== Source material ==
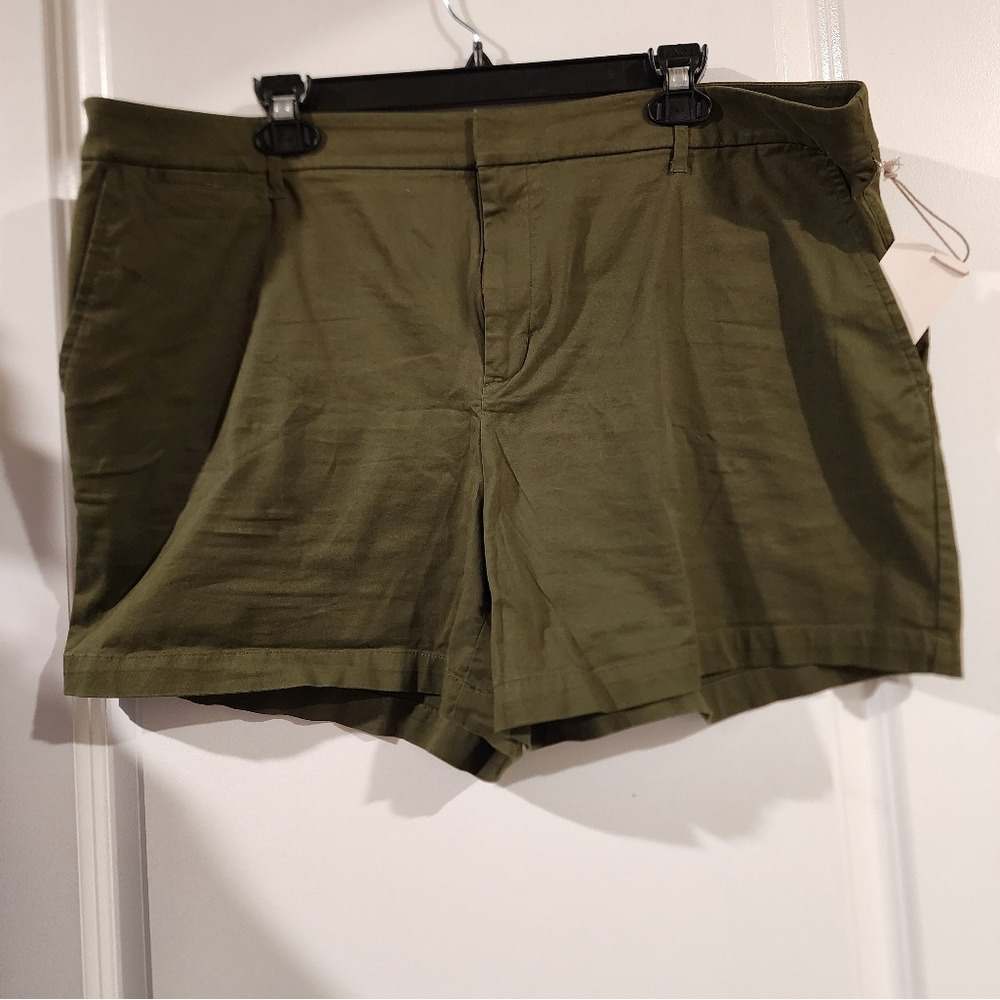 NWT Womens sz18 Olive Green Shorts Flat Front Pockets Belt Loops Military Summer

...

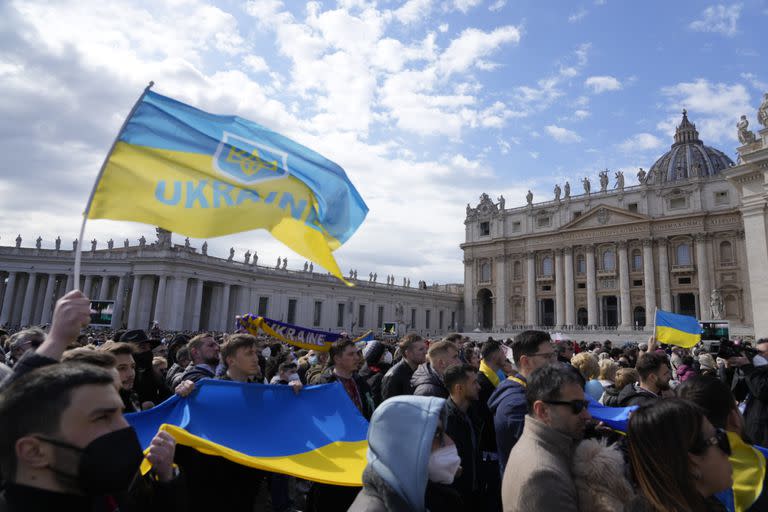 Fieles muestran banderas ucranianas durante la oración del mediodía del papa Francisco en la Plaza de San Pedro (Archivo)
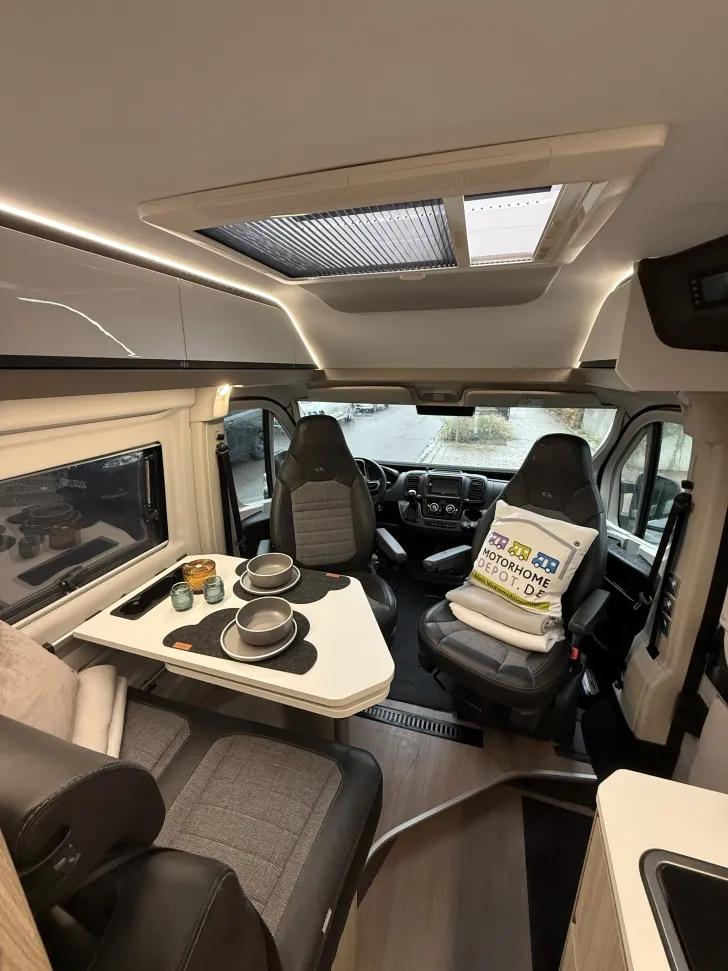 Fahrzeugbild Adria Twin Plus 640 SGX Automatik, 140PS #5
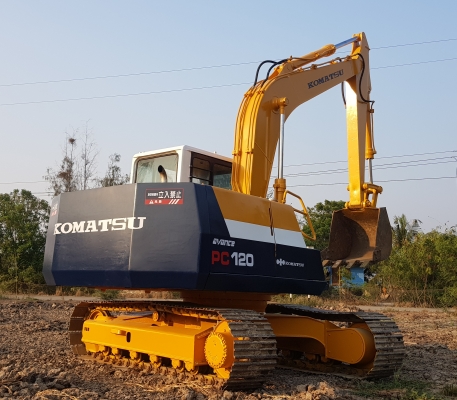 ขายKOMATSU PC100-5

== Exercise requirements ==
Although pictures appear among the records above, none are to be output; print exactly the lines from the line containing "Fahrzeugbild Adria Twin" through the line containing "ขายKOMATSU PC100-5".

== Result below ==
 Fahrzeugbild Adria Twin Plus 640 SGX Automatik, 140PS #5
 ขายKOMATSU PC100-5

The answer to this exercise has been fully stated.